Bis 1.April 2019 haben die EU-Staaten Zeit, ihre Entscheidung in Sachen Sommerzeit kundzutun. Jene, die sich für den chronografischen Sommer entscheiden, stellen dann Ende März auf Sommerzeit - und bleiben dabei. Alle anderen kehren mit Oktober 2019 definitiv in die sogenannte Normalzeit zurück. Diesem Plan müssen Mitgliedstaaten und EU-Parlament mehrheitlich zustimmen, nächster Schritt dorthin ist das EU-Verkehrsministertreffen in Graz kommende Woche. Das offizielle Österreich bevorzugt dauerhafte Sommerzeit, sonst hat sich bisher kein EU-Staat festgelegt. Der Plan der Kommission ist in der aktuellen Form so einfach wie kurzsichtig. Denn jenseits vom Biorhythmus sind die Konsequenzen wesentlich gravierender.
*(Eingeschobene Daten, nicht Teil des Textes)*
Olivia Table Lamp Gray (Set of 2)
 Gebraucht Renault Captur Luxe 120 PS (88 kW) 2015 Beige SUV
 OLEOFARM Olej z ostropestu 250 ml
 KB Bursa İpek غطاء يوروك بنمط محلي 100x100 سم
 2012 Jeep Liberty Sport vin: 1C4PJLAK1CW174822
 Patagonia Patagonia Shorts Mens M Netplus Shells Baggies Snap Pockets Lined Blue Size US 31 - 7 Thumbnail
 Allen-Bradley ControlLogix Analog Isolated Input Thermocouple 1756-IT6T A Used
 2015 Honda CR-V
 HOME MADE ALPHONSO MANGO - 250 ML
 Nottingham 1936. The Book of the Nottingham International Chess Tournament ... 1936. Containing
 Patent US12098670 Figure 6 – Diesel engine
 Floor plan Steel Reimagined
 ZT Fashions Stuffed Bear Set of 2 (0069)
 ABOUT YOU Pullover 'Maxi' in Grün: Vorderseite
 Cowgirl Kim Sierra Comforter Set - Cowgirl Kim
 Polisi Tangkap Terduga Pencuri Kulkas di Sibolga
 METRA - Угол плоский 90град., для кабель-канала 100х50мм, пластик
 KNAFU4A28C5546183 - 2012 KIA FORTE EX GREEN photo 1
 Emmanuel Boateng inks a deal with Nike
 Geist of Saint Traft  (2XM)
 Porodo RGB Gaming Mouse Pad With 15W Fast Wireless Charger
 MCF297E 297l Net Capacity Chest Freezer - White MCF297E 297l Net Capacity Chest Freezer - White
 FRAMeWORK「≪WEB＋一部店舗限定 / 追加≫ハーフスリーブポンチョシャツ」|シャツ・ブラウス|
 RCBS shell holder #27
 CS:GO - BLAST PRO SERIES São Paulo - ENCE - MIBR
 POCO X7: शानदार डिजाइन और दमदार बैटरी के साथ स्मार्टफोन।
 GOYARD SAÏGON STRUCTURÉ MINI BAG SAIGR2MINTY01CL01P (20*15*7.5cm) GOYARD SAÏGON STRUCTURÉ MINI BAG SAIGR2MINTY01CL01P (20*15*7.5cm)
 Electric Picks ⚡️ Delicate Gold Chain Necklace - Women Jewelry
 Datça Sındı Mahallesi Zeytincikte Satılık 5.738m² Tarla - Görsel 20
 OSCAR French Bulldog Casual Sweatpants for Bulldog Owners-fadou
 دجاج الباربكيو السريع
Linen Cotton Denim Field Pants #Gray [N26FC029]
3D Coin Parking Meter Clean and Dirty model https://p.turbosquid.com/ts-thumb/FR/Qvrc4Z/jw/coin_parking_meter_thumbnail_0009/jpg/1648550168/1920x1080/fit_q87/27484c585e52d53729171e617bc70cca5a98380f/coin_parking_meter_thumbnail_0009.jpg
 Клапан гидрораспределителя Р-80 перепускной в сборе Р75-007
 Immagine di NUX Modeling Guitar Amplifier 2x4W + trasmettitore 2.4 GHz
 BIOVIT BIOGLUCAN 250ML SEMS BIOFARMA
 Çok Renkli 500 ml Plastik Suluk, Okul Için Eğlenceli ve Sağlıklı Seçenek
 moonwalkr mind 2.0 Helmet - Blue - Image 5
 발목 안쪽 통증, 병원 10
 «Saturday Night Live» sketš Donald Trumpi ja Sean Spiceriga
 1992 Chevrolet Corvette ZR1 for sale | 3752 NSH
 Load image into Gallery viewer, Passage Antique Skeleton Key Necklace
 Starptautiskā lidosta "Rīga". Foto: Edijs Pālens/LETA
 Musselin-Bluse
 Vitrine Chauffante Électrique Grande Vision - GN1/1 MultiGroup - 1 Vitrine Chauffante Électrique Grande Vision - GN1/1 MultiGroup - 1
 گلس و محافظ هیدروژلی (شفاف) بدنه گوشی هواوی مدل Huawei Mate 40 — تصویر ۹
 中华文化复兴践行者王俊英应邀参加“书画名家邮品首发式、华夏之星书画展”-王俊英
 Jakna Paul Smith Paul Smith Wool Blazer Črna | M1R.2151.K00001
Sollten sich benachbarte Staaten für unterschiedliche Lösungen entscheiden, könnte sich Europa künftig mit neuen Grenzen konfrontiert sehen: mit den Grenzbalken von Zeitzonen quer durch Europa. Die Anzahl der Zeitumstellungen könnte sich damit von jährlich zwei auf wesentlich mehr erhöhen - nämlich bei jedem Grenzübertritt. Vom Chaos, das eine derartige Lösung in Verkehr, Transport oder Kommunikation auslösen würde, ganz zu schweigen. Zur angestrebten Vereinheitlichung führt so eine Regelung nicht. Mehr noch: Wenn eine Institution wie die EU, die sich mit der Festlegung der Krümmung von Gurken und Toilettenrohren den Vorwurf der Überregulierung gefallen lassen muss, es nicht schafft, eine möglichst einheitliche Zeitpolitik festzulegen, führt sie den europäischen Gedanken ad absurdum.

Wäre es eine rein heimische Debatte, stünde ob der zahlreichen Blüten längst eine sehr österreichische Lösung im Raum: Mangels sinnvoller Alternativen bliebe einfach alles so, wie es ist.